Review by "Psyche Van Het Folk" radio host and webmaster Gerald Van Waes in Antwerp, Belgium
November, 2005

In 1971, Alicia was in her twenties when she started to live in a hippie commune, and had published a kind of handbook for hippies wanting to live in nature and enjoy a child-like innocence and joy. The book, now in reprint- contains charming drawings and became a successful bestseller. Between 1968 and 1975 she wrote additional songs for it, which were all but one, recorded in 2000.
The music has an underlying similar kind of deliberate naivety to enjoy life with a certain practical minimalism, which is feminine, charming and lovely. The songs are short. The stylistic folk simplicities just here and there (like on "In the Morning") are completely forgivable or still suitable because of its strong inner sweetness, which works like a winking eye to inner wish for love, and which still works as a ode to life. There has been attention to some variety in guitar playing. There are also stylistic surprises, like original bluesy interpretations, or an open tuning track called "Vai raga" with Indian flavour, or a 40 voice choir interpretation of the opening track as a perfect closer.
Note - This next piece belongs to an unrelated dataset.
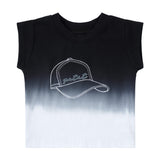 Black Dip Dye T-Shirt With Hat Embroidery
This is a very nice and lovely album which is suitable for repeated listening experiences and which grows with each listen. (I discovered this album through a Japanese collector’s list of psychedelic folk). The album itself is like a resume of one life's experience in a certain world of existence.

Review on Amazon.com
by Pam Hanna
November 19, 2001

A Kaleidoscope of Musical Colors

Many-colored songs from Alicia Bay Laurel's popular book (now in its second edition) "Living on the Earth" is a one-woman show.  Just as she writes and illustrates her book, she accompanies herself on guitar and even harmonizes with herself in such pieces as "Vai Raga" with the lovely musical effects of D-modal tuning (illustrated in the line-notes). The combination of a voice as pure and clear as a waterfall and deliciously resonant guitar chords twang the consciousness nicely.  Instrumentals are mellow and soothing ("Waterfall").
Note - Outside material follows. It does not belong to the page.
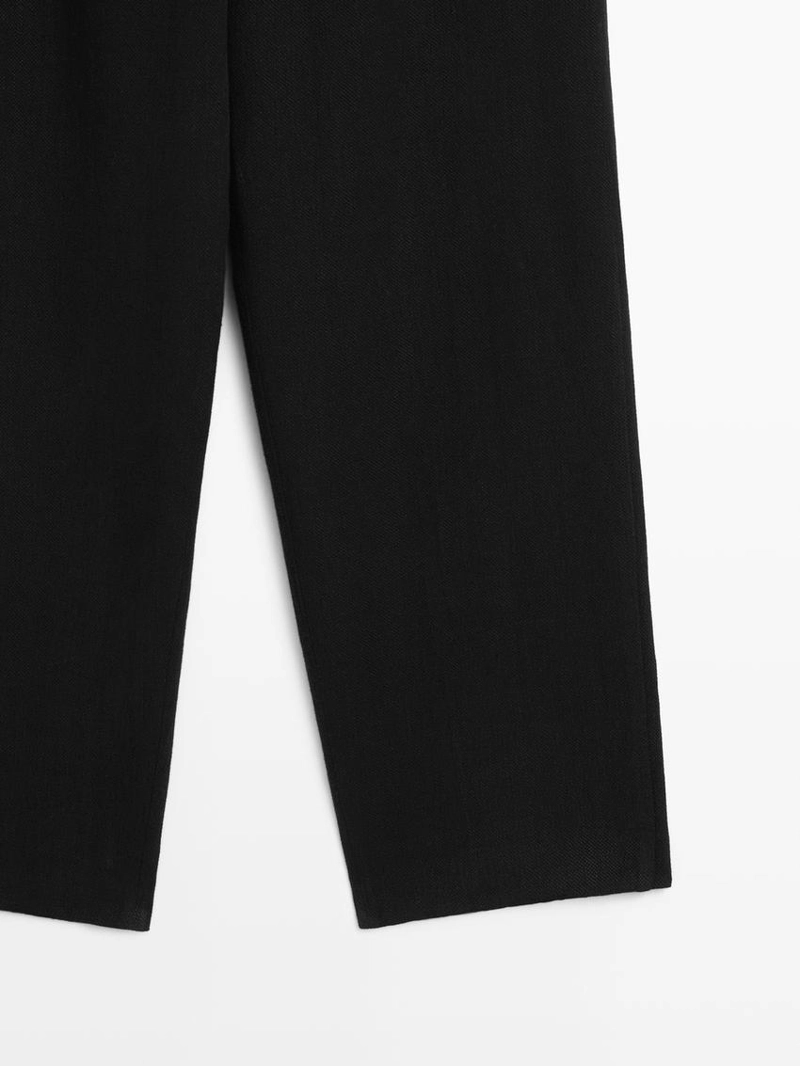 Брюки из льняной смеси с карманами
There is a fair amount of philosophy and social observation here.  "I'm gonna blossom in my own care./  Gonna give myself the time that I need./  Gonna pick a blossom, put it in my waving hair/ And let the blooming flowers go to seed."  And,  "The city trip of being hip/ And paying lip service to law/.  First was fun, but then the sun/ Went away and I had to give/. You must pay/ for the way/ you live."  And "Experiences endlessly follow each other/ Let them go by, you'll see as the world turns/ Each one teaches you that God is your lover./

…As well as one autobiographical tune "1966" - with cool West-Coast modern chords.

But the most striking and memorable song on the album, in my opinion, is "In the Morning."  Reminiscent of simple Shaker words and tune, a quilt spreads out before your eyes.  First sung by Alicia with her guitar and then at the end by the Occidental Community Choir (Ramon Sender did the arrangement and directed the choir).  "Rise ye early by morning's dew/, And wash out your mouth and the rest of ye, too/.  Don't take ye no worry if the water's too cold/ It's years of cold washing that prevents growing old."
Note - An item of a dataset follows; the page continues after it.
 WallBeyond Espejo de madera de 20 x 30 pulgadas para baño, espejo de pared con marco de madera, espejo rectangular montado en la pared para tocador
"In the morning, in the morning/ With the first light ye rise/ And keep your mouth closed/ And open your eyes./ In the morning, in the morning/ When the first light is new/ Come rise ye and roll ye/ In the sweet morning dew./

A rainbow of an album.  Well worth it.

 

Review on Amazon.com
By Tracy Dove-Coppen
January 12, 2002

Magical and Beautiful and Pure!

When you hear the sweet, pure voice of Alicia Bay Laurel and her music, fragrant with innocence and simplicity, her songs will become a part of your own heart song. The entire cd is so delightful and wonderful. She plays the guitar beautifully and skillfully. The lyrics and music flow together creating a joyful awareness of the earth and our place in it. This CD is a magical celebration of living on the earth.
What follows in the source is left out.